Does it even make sense to watch it all over again? Yes, in the same way that you would enjoy Qayamat Se Qayamat Tak (1989) no less, regardless of whether or not you've read/watched Romeo And Juliet. Same text inevitable produces multiple films, often almost unrelated to each other in fact.
This is a full-on film on its own, set in Udaipur and Kolkata, seeped in the milieu of Rajasthan, with the story altogether told within a scale and tone that most befits Bollywood—although that might be a downer for some, certainly not for me. At the centre of this tragic romance is of course the phenomenally fresh lead pair—Janhvi Kapoor, Ishan Khattar—who add a unique charm, and pleasantness with their presence, to start with.
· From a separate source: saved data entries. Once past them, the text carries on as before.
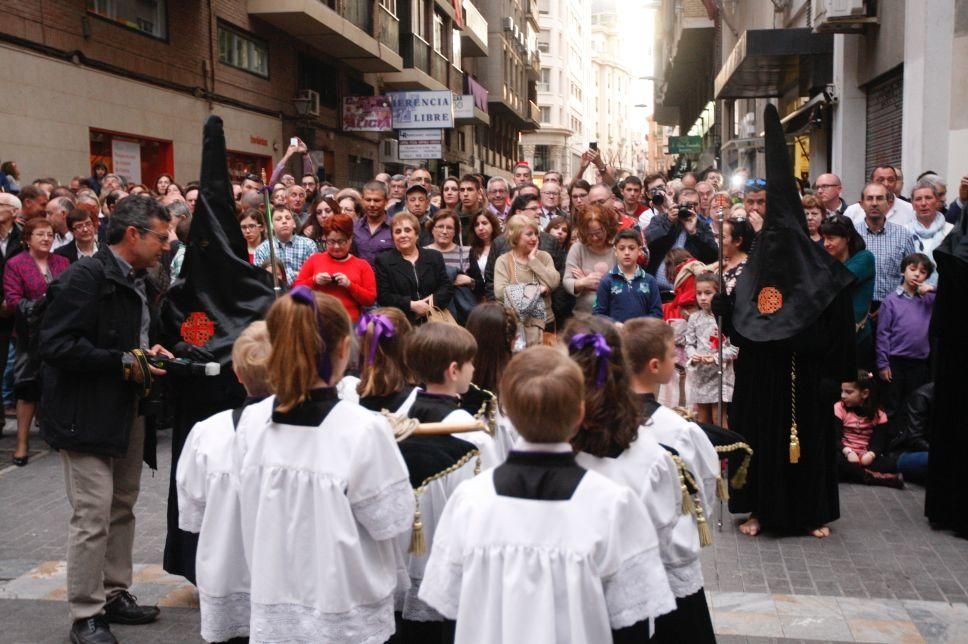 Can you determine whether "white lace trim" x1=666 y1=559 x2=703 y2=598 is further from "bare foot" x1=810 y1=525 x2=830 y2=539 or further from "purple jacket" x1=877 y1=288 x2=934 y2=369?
"purple jacket" x1=877 y1=288 x2=934 y2=369

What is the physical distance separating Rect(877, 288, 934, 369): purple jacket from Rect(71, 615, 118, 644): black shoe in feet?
21.5

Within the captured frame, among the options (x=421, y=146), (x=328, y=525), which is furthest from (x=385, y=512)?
(x=421, y=146)

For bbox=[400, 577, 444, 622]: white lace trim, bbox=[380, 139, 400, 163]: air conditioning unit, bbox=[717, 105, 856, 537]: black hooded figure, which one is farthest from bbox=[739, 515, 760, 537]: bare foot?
bbox=[380, 139, 400, 163]: air conditioning unit

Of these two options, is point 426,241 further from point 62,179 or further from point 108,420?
point 62,179

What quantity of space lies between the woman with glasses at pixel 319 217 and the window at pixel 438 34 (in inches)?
1050

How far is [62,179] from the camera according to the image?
1511cm

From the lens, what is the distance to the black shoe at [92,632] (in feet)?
16.2

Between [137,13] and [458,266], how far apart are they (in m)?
10.7

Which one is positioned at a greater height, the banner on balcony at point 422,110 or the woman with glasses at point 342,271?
the banner on balcony at point 422,110

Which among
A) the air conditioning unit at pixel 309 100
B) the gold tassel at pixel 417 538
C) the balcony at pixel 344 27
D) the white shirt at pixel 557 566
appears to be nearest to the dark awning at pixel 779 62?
the balcony at pixel 344 27

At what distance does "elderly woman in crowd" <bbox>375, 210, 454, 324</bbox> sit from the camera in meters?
8.67

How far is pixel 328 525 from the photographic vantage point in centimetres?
362

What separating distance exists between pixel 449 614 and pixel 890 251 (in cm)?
727

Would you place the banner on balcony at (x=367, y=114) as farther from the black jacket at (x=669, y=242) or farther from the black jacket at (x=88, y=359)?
the black jacket at (x=88, y=359) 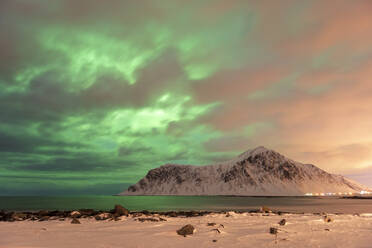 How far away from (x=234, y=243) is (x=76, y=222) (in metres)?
16.3

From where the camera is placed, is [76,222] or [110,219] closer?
[76,222]

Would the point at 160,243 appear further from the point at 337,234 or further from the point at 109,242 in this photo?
the point at 337,234

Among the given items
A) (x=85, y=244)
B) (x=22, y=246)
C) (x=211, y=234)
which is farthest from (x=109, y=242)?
(x=211, y=234)

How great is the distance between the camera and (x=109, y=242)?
→ 50.1ft

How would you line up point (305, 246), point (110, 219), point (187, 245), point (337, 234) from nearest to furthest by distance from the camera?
point (305, 246) < point (187, 245) < point (337, 234) < point (110, 219)

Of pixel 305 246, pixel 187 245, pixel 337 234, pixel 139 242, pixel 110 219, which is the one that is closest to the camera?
pixel 305 246

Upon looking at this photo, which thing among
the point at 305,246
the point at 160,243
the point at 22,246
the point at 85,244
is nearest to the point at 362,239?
the point at 305,246

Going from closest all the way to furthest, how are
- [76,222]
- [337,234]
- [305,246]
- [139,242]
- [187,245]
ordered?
1. [305,246]
2. [187,245]
3. [139,242]
4. [337,234]
5. [76,222]

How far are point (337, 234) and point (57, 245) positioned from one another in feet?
49.4

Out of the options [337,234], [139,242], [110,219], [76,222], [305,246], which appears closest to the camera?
[305,246]

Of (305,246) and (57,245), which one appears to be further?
(57,245)

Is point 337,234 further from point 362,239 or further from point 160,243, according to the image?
point 160,243

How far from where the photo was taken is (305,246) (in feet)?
43.4

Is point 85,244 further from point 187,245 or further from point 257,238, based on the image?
point 257,238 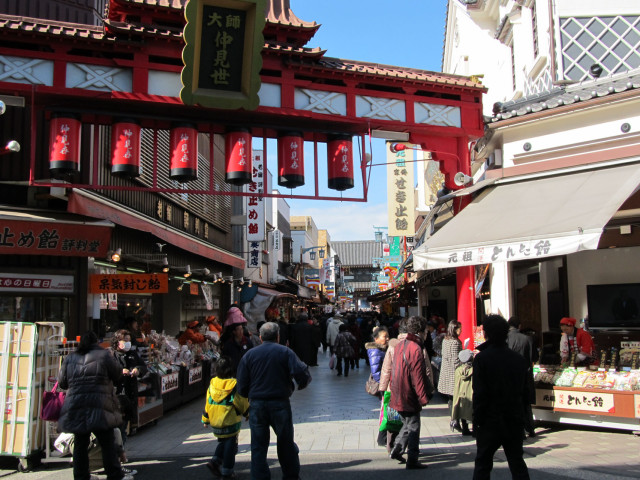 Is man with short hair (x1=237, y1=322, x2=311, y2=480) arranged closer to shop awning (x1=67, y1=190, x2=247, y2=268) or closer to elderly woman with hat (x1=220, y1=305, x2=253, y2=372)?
elderly woman with hat (x1=220, y1=305, x2=253, y2=372)

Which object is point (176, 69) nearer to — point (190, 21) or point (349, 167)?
point (190, 21)

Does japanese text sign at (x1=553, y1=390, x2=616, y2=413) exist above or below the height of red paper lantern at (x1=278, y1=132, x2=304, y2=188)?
below

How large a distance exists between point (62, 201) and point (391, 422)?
7407 mm

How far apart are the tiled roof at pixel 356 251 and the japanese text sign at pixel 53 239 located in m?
76.7

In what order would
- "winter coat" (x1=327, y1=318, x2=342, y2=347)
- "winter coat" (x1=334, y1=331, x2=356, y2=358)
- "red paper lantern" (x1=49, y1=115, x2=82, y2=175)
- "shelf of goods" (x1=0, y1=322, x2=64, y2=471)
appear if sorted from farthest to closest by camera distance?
"winter coat" (x1=327, y1=318, x2=342, y2=347) < "winter coat" (x1=334, y1=331, x2=356, y2=358) < "red paper lantern" (x1=49, y1=115, x2=82, y2=175) < "shelf of goods" (x1=0, y1=322, x2=64, y2=471)

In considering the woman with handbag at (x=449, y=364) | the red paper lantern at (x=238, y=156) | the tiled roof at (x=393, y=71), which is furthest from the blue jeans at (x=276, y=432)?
the tiled roof at (x=393, y=71)

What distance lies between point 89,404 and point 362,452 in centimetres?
368

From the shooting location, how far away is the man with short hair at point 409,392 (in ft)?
24.1

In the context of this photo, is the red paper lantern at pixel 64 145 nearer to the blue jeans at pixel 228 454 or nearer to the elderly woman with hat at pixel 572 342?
the blue jeans at pixel 228 454

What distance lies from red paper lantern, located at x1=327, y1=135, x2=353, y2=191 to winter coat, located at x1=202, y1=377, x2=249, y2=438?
5.09 meters

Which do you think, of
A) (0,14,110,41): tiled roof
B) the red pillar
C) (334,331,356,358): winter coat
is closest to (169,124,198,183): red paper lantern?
(0,14,110,41): tiled roof

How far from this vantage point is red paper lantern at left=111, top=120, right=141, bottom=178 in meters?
10.2

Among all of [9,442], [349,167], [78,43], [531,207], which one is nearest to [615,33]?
[531,207]

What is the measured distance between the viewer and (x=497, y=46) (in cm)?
1633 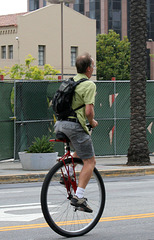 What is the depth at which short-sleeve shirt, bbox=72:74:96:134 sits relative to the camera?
675 centimetres

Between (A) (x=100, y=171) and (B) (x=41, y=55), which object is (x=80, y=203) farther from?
(B) (x=41, y=55)

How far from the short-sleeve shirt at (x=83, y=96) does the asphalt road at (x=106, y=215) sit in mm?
1252

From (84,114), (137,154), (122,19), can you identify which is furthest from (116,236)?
(122,19)

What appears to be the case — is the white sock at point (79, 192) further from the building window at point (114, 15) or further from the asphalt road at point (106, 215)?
the building window at point (114, 15)

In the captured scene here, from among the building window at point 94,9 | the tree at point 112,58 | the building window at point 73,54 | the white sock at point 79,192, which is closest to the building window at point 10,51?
the building window at point 73,54

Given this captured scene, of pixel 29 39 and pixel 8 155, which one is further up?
pixel 29 39

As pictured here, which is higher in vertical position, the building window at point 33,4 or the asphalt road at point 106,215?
the building window at point 33,4

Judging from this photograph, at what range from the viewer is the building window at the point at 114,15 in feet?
320

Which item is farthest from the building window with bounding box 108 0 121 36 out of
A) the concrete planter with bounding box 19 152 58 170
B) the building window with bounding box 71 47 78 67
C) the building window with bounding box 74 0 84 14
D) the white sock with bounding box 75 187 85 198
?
the white sock with bounding box 75 187 85 198

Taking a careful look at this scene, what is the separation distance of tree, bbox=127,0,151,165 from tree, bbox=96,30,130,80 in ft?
204

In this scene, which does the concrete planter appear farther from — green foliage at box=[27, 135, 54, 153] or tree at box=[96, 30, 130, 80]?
tree at box=[96, 30, 130, 80]

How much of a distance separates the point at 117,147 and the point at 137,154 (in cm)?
280

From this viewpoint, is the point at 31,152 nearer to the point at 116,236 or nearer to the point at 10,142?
the point at 10,142

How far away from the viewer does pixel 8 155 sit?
17938mm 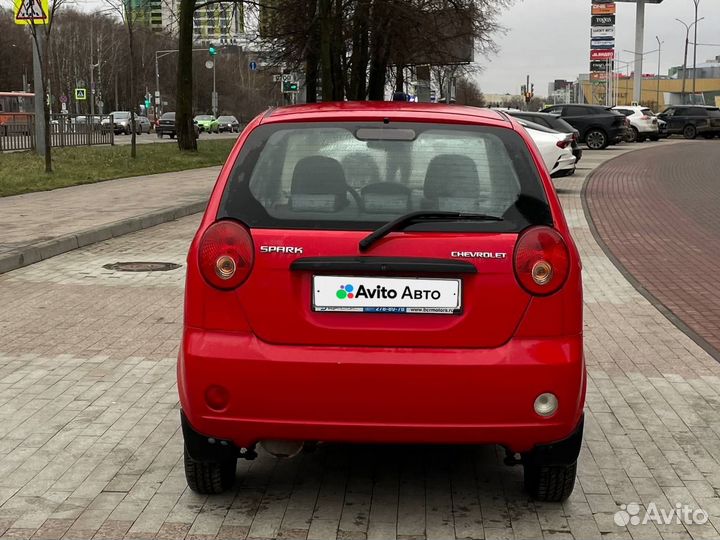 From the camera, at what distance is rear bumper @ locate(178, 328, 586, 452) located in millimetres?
3701

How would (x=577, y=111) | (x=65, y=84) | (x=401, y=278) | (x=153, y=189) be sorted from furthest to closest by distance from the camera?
(x=65, y=84) < (x=577, y=111) < (x=153, y=189) < (x=401, y=278)

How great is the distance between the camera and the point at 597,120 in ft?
131

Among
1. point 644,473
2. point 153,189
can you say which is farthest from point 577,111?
point 644,473

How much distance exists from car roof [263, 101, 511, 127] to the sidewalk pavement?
6.77 metres

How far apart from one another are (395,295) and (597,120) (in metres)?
37.8

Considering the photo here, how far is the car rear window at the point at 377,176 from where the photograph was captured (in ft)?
12.6

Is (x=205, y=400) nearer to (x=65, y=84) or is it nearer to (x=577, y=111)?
(x=577, y=111)

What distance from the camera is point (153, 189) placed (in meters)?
20.0

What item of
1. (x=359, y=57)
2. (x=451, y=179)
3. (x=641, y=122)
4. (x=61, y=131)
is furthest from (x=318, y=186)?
(x=641, y=122)

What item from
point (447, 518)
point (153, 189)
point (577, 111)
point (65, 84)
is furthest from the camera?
point (65, 84)

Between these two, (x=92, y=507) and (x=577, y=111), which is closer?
(x=92, y=507)

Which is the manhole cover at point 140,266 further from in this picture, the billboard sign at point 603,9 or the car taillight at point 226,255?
the billboard sign at point 603,9

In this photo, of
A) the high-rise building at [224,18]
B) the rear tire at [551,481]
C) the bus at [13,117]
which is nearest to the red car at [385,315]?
the rear tire at [551,481]

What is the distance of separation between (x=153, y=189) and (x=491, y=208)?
1679 centimetres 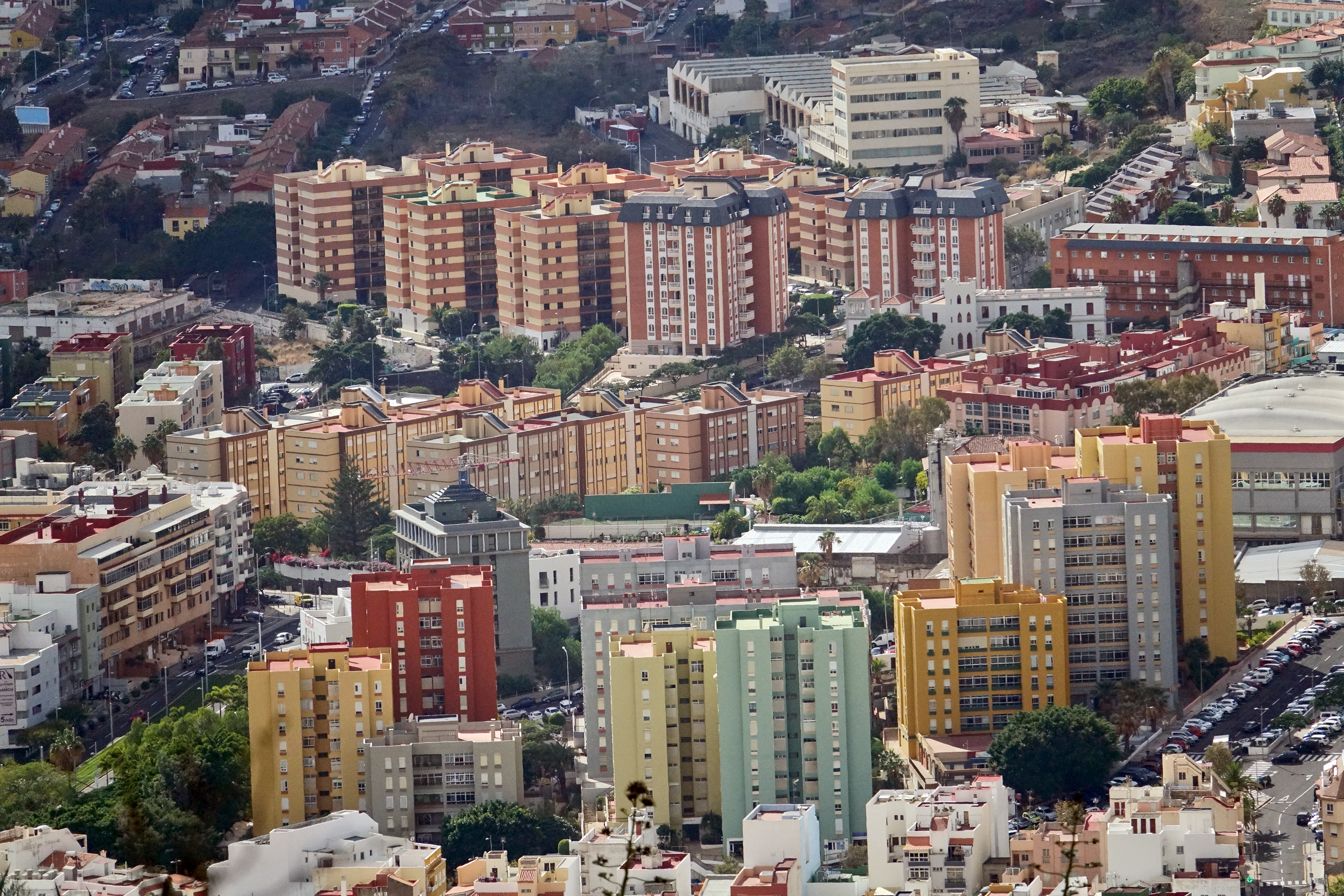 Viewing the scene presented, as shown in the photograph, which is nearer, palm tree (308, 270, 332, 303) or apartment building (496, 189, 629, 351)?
apartment building (496, 189, 629, 351)

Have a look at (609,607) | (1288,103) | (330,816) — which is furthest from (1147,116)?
(330,816)

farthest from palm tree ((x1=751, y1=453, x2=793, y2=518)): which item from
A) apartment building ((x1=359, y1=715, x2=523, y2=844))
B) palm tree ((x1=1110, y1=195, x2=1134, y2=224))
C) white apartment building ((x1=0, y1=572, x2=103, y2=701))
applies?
apartment building ((x1=359, y1=715, x2=523, y2=844))

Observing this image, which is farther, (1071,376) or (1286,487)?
(1071,376)

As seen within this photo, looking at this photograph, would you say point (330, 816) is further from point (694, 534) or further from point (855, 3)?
point (855, 3)

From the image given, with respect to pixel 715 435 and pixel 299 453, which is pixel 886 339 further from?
pixel 299 453

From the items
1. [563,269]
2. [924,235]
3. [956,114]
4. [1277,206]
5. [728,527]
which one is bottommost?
[728,527]

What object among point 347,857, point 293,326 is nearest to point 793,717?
point 347,857

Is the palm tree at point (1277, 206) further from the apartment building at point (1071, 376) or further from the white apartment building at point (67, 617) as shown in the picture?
the white apartment building at point (67, 617)

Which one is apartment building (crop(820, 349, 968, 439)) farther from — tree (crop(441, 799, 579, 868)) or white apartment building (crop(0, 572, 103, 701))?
tree (crop(441, 799, 579, 868)) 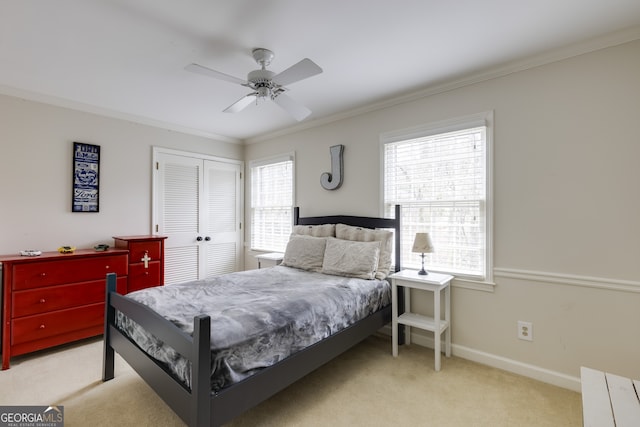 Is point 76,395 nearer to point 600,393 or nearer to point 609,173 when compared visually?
point 600,393

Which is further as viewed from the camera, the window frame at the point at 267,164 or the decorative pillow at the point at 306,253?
the window frame at the point at 267,164

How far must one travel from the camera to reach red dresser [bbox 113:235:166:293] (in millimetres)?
3379

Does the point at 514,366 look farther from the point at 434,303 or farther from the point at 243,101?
the point at 243,101

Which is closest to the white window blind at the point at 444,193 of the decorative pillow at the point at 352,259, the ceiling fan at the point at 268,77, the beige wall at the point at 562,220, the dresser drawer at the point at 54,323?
the beige wall at the point at 562,220

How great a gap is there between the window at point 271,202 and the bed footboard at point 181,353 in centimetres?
250

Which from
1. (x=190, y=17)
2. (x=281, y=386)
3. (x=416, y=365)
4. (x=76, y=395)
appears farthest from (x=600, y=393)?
(x=76, y=395)

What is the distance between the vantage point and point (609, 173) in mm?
2111

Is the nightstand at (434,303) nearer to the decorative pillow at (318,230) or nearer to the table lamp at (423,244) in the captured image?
the table lamp at (423,244)

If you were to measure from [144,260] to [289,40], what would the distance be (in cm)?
290

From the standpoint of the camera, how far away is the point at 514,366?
2447mm

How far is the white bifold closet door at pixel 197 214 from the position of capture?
4.09 meters

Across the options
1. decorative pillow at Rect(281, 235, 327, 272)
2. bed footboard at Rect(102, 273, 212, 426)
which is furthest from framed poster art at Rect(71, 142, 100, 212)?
decorative pillow at Rect(281, 235, 327, 272)

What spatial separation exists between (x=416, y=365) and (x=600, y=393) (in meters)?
1.28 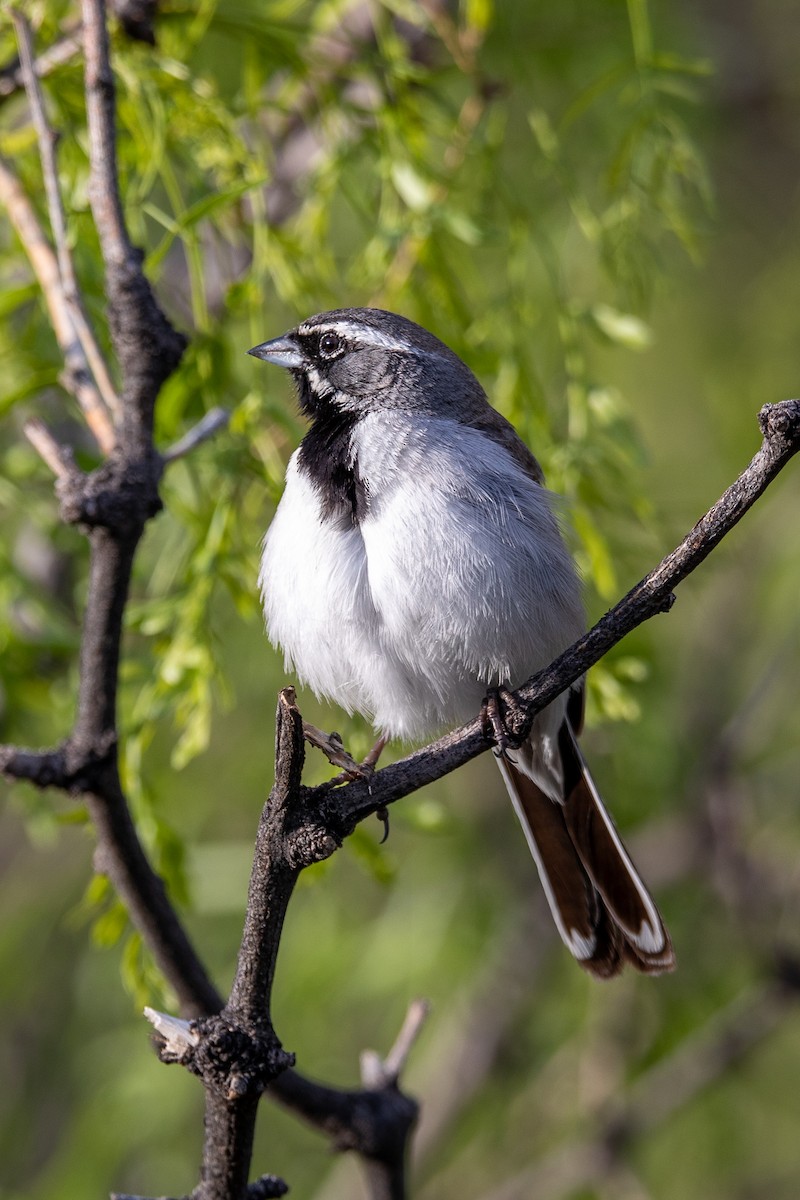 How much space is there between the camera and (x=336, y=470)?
337 centimetres

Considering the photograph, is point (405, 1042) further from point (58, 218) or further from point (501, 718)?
point (58, 218)

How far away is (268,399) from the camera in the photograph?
3.54m

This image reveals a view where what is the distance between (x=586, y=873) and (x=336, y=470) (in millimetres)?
1355

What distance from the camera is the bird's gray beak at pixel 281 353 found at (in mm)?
3592

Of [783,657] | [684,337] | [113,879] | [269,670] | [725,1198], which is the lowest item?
[725,1198]

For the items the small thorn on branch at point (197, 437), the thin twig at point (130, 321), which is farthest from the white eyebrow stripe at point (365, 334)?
the thin twig at point (130, 321)

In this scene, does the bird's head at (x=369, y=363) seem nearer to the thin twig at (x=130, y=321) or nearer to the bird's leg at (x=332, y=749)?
the thin twig at (x=130, y=321)

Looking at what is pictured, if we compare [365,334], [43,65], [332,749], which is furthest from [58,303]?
[332,749]

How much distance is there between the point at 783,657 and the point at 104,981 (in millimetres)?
3415

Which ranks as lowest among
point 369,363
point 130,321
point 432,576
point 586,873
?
point 586,873

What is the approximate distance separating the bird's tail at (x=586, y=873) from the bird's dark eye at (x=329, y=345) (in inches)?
49.9

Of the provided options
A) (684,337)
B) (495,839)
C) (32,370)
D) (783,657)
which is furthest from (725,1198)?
A: (32,370)

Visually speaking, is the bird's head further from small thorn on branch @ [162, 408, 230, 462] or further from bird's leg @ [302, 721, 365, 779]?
bird's leg @ [302, 721, 365, 779]

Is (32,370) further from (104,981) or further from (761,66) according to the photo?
(761,66) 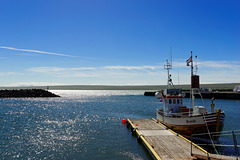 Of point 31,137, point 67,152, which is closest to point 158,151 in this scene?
point 67,152

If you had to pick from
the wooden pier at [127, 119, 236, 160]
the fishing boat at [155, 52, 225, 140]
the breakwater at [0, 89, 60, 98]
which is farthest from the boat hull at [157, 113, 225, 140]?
the breakwater at [0, 89, 60, 98]

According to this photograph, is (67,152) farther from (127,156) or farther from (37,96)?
(37,96)

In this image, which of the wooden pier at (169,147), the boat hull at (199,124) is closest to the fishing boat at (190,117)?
the boat hull at (199,124)

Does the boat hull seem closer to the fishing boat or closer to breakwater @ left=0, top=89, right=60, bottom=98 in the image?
the fishing boat

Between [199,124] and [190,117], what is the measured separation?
118 cm

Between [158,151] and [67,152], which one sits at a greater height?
[158,151]

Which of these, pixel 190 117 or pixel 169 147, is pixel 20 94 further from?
pixel 169 147

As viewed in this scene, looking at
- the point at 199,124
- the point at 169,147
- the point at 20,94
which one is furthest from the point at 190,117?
the point at 20,94

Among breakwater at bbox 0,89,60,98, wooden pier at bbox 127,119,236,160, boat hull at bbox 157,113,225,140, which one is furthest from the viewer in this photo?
breakwater at bbox 0,89,60,98

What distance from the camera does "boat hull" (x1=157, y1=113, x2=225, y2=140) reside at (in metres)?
20.0

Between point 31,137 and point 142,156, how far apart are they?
594 inches

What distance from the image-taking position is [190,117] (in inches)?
843

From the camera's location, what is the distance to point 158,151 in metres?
15.8

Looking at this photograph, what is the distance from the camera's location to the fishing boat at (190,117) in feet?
66.0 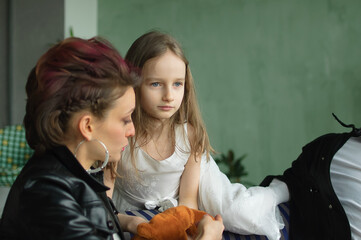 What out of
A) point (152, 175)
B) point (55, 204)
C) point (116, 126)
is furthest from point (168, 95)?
point (55, 204)

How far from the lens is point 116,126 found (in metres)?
1.24

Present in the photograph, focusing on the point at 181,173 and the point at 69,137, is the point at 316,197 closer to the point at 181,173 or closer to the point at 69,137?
the point at 181,173

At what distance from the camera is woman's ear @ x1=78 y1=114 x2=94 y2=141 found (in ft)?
3.84

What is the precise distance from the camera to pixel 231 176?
17.0ft

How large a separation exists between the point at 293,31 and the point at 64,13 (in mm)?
2560

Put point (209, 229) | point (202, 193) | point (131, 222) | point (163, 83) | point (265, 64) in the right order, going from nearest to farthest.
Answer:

Janhvi, 21, as you know, is daughter of late Sridevi, an actor who had a strange, hypnotic effect on audiences traversing south and north India over five decades. Of course it's unfair to compare the daughter with the mom, already. This is only her first film. But, without doubt, there is that inexplicable X-factor that you can sense on screen, which is hard to express in words, usually. And you can tell she must have to put in an enormous amount of work to pull off the role of a Rajasthani girl, and not just in the way she walks, talks (in Hindi, or even English).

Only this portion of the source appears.